This study sheds new light on the cultural history of second Stalinism by examining the silences observed by writers in Soviet Uzbekistan from 1945 to 1953 while Soviet powers were multiplying contradictory constraints. During this period, the central authorities sought to regain control over Soviet Uzbekistan, which had become very autonomous during the ‘Great Patriotic War’, first facing the cohesion of local institutions (1945-1949), then with an increased violence mirroring the anti-cosmopolitan campaign, that succeeded in cracking the local solidarities within the political and creative elites (1949-1952).The repression that affected academics and writers led to a rapid erosion of scientific and literary production, as well as of any form of expression of a non-Russian national culture, in a paroxysmal narrowing of the literature. While the injunction to produce and speak on behalf of the people did not disappear, silence appeared sometimes as the internalisation of this constraint, sometimes as resistance, or even an act of protest.The study of six writers’ careers reveal that silence could be also a luxury. Indeed, while the repressive episode affected a few leading figures, such as the poet Oybek (1904-1968), who was removed from the leadership of the Writers’ Union in 1949 and then physically silenced by the after-effects of his interrogation, it primarily affected young writers who had to produce or risk being reduced to poverty and silence at the same time. The strategy of resistance through silence would therefore be the privilege of more established figures, such as the novelist Abdulla Qahhor (1907-1968), who went so far as to suspend his translation of Russian literature without being bothered. For others, silence seems impossible, while writing is as dangerous as mandatory.

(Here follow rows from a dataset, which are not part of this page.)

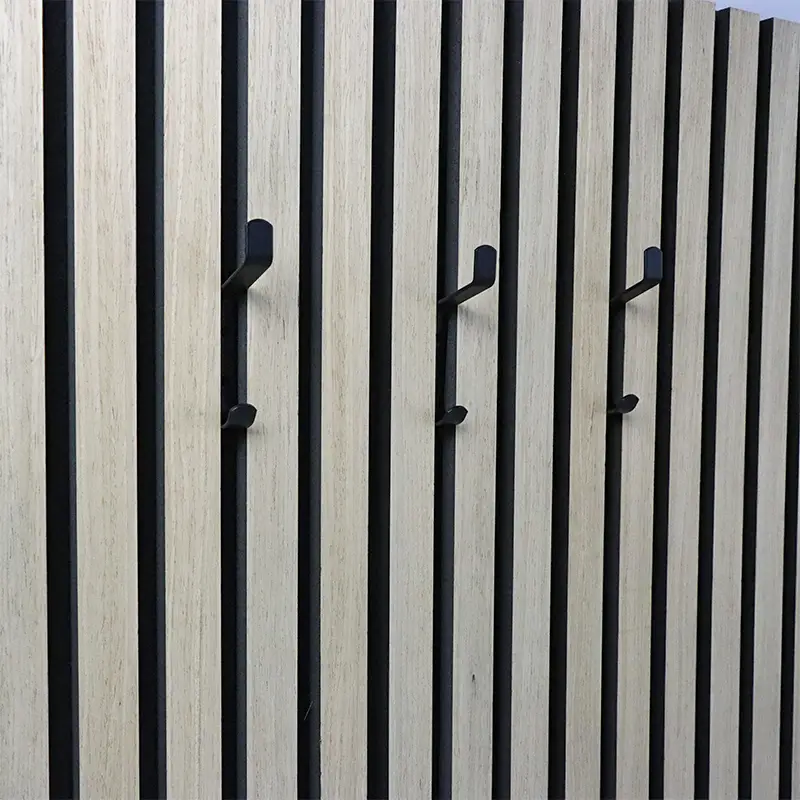 Metalen haak voor decoratieve wandpanelen, akoestische lamellenpanelen en houten roosterpanelen. 1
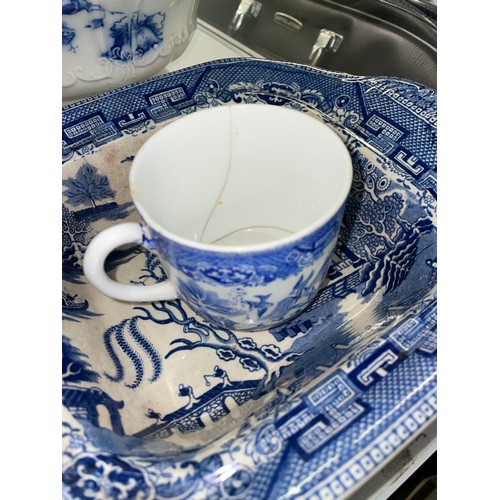 395 - BLUE AND WHITE TRANSFER PRINTED MEAT PLATTER, PEDESTAL BOWLS, TUREEN AND COVER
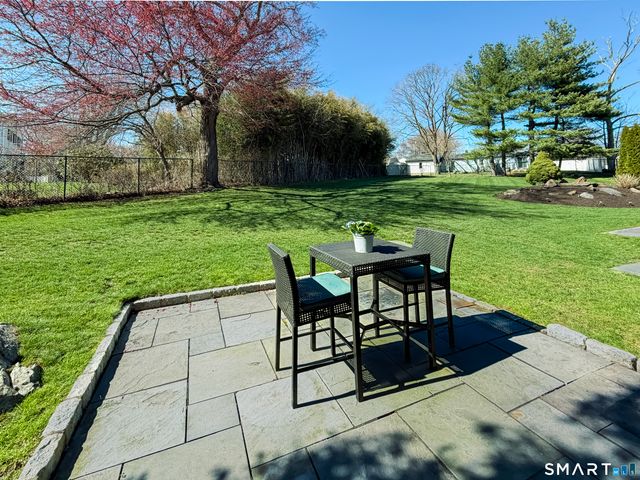 368 Knapps Highway 368, Fairfield, CT 06824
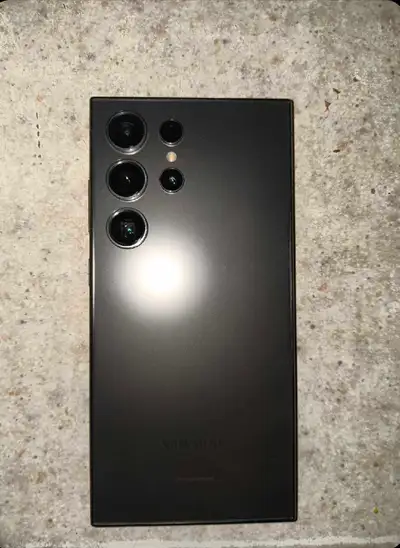 S24 ultra unlocked (Excellent conditon), View more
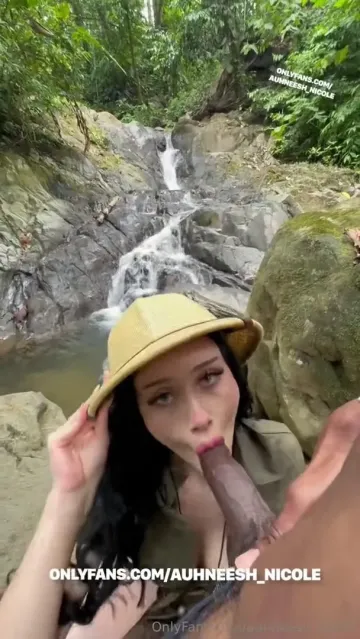 Auhneesh Nicole Outdoor Blowjob OnlyFans Video Leaked - Image 3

La présente étude propose un nouvel éclairage de l’histoire culturelle du second stalinisme à travers l’étude des silences observés parmi les écrivains de l’Ouzbékistan soviétique de 1945 à 1953, dans un contexte où les contraintes, parfois contradictoires, se multiplient. Au cours de cette période, le pouvoir central cherche en effet à reprendre la main sur cette périphérie devenue très autonome au cours de la « Grande Guerre patriotique », d’abord avec de grandes difficultés face à la cohésion des institutions locales (1945-1949), puis avec une violence qui parvient à fissurer les solidarités au sein des élites politiques et créatrices (1949-1952) en même temps qu’elle se modèle sur la campagne anticosmopolite.La répression qui touche alors universitaires et écrivains aboutit à un étiolement rapide de la production scientifique et littéraire, ainsi que de toute forme d’expression d’une culture nationale non-russe dans un étrécissement paroxystique du champ du dicible. Alors que l’injonction à produire, à prendre la parole au nom du peuple ne disparaît pas, le silence apparaît tantôt comme l’intériorisation de cette contrainte, tantôt comme une résistance, voire un acte de contestation.Au regard de six parcours d’écrivains, il apparaît que le silence est également un luxe. En effet, si l’épisode répressif frappe quelques grandes figures, comme le poète Oybek (1904-1968), démis de la direction de l’Union des Écrivains en 1949, puis physiquement réduit au silence par une pression telle que son corps le trahit, il touche en priorité de jeunes auteurs qui ont nécessité de produire sous peine d’être réduits à la misère en même temps qu’au silence. La stratégie de résistance par le silence serait donc le privilège de figures plus installées, comme le romancier Abdulla Qahhor (1907-1968), qui va jusqu’à suspendre ses activités de traduction de la littérature russe sans être inquiété. Pour d’autres, ce silence semble impossible, alors même que la prise de parole est aussi dangereuse qu’obligatoire.